G.M : Coécrire un scénario, c’est du ping-pong. Il faut savoir s’écouter, se dire quand on ne comprend pas ou qu’on ne ressent rien. Pour cela, la confiance est primordiale. Valérie est extrêmement travailleuse, très énergique : c’est une locomotive.

Quelle place occupe la prose de Franck Courtès dans le film ?

V.D : Toute la voix off, c’est son texte. Je ne voyais pas comment raconter ça mieux que lui. Son écriture est claire, limpide, simple. Très belle.

G.M : C’est une écriture qui raconte la pensée elle-même. Entendre ce texte, c’est entendre quelqu’un penser.

Au montage, j’observe, je dialogue, je me mets dans la peau d’un futur spectateur. Il faut rester humble, un film se construit lui-même.
Gilles Marchand
Scénariste

Comment trouvez-vous l’équilibre entre fidélité au livre et invention cinématographique ?

G.M : Valérie est une cinéaste. Chez elle, tout passe par l’image, le son, donc la mise en scène. Le scénario n’est pas un texte autonome : c’est un outil pour arriver au film. Notre travail a consisté à imaginer à l’écrit le film qu’elle allait faire et en aucun cas de rivaliser avec la valeur littéraire du livre.

V.D : Ce qui m’intéresse, c’est l’incarnation. Le scénario permet de penser les lieux, les enchaînements de séquences, les dialogues, mais toujours en lien direct avec le film à venir.

La première séquence du film est très forte, avec ce mur que le héros est en train de percer.

V.D : Ce n’est pas tiré du livre.

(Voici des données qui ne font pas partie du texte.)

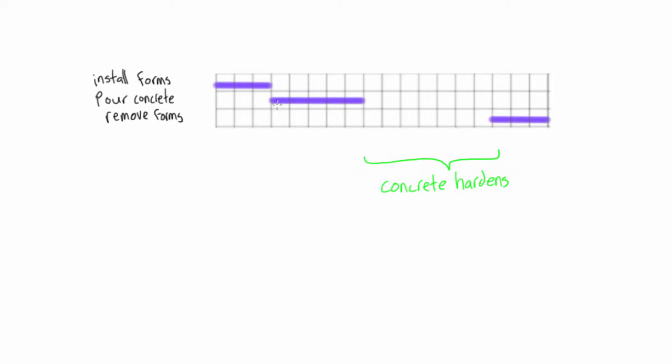And we can pour our concrete right after we're done installing the forms, but then we have to wait some amount of time, for example, before we can remove the forms while the concrete's hardening.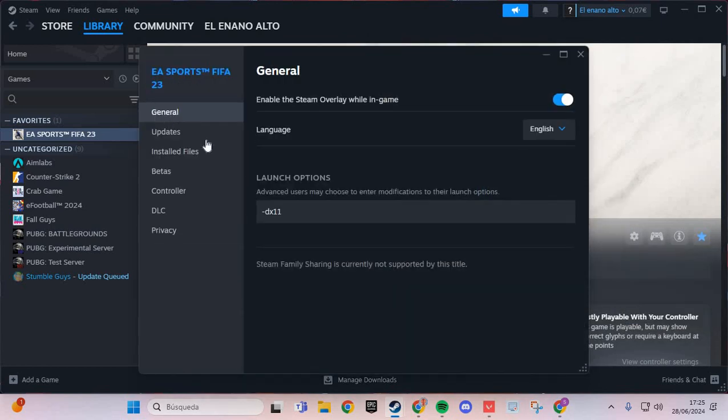Here in the general launch options you put this: dash dx11.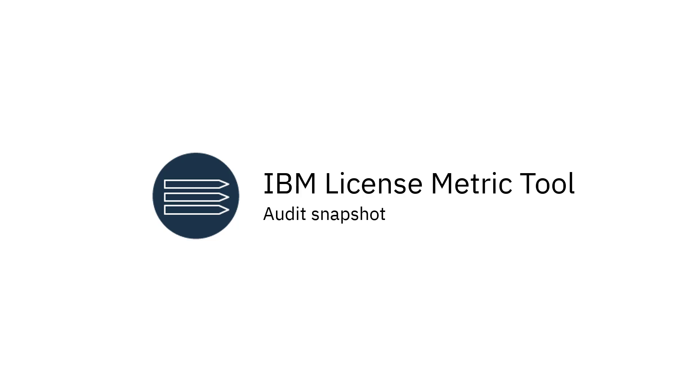Welcome to License Metric Tool videos. In this video you will learn what the audit snapshot is and how to ensure that it is complete and accurate.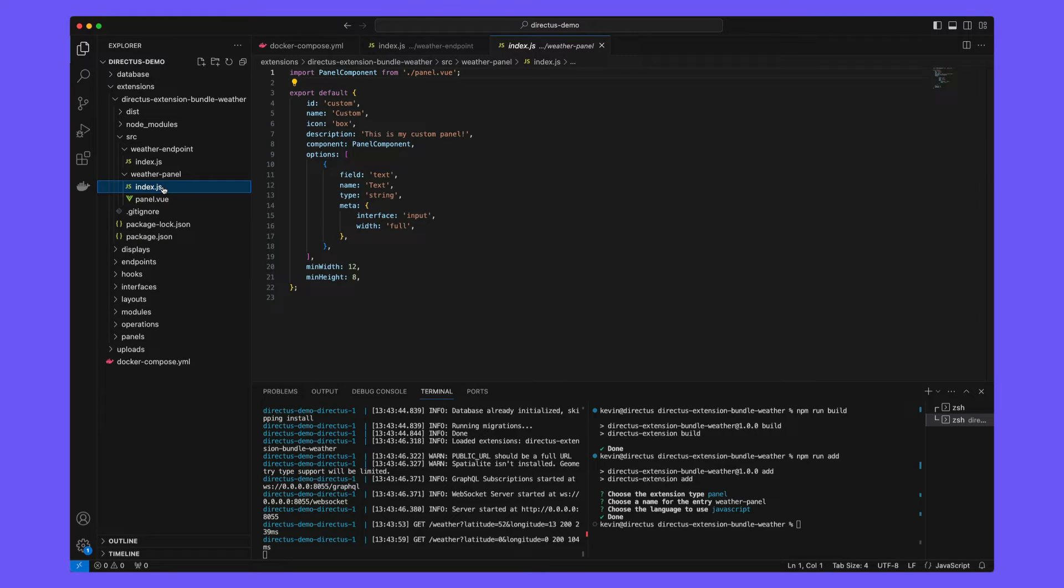Panels are made up of two parts, a configuration file, the index.js, and then a view component which uses that configuration and any user input to actually build an interactive panel.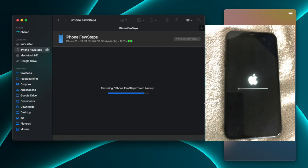Don't disconnect your iPhone from your Mac — same applies if you're using an iPad with the same method. Once the restore is done it will reboot everything. Just keep the iPhone there and let it finish. The time it takes varies based on backup size: larger backup means more time, smaller backup means less time.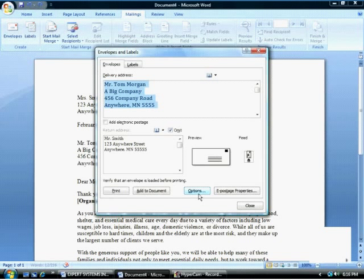Selecting the Options button on the bottom right of the dialog box allows you to choose the envelope size, you can choose to include a delivery point barcode, and you can change the font and the positioning of the address and the return address.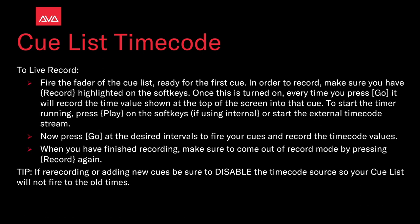To live record, fire the fader of the cue list to be ready for the first cue. In order to record, make sure you have record highlighted on the soft keys. Once this is turned on, every time you press go, it will record the time value shown at the top of the window into that cue. To start the timer running, press play on the soft keys if using internal or start the external timecode stream. Now press go at the desired intervals to fire your cues and record the timecode values. When you've finished recording, make sure to come out of record mode by pressing record again.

Il était pourtant évident que le film devait débuter ainsi.

G.M : C’est exactement ça l’adaptation ! Des visions de cinéma inspirées par le livre. D’autres éléments sont apparus plus tard, comme les séquences filmées en Super 8 qui n’étaient pas écrites dans le scénario.

Votre travail sur l’écriture du film se poursuit-il jusqu’au montage et au-delà ?

V.D : Oui. Une fois le film monté, nous continuons jusqu’à la dernière minute à faire des ajustements si nécessaire. Je n’aime pas que le montage traîne. Trop réfléchir me fait douter, ça m’angoisse. Je serais incapable de monter un film pendant un an.

G.M : Par le passé, j’avais tendance à appréhender les films de l’intérieur, comme si je jouais dedans. Aujourd’hui, j’ai plus de maturité, je peux les envisager de l’extérieur tout en restant immergé. Il faut savoir jongler en permanence avec ces deux points de vue.

Gilles, en tant que scénariste, quelle est votre place sur le tournage puis au montage ?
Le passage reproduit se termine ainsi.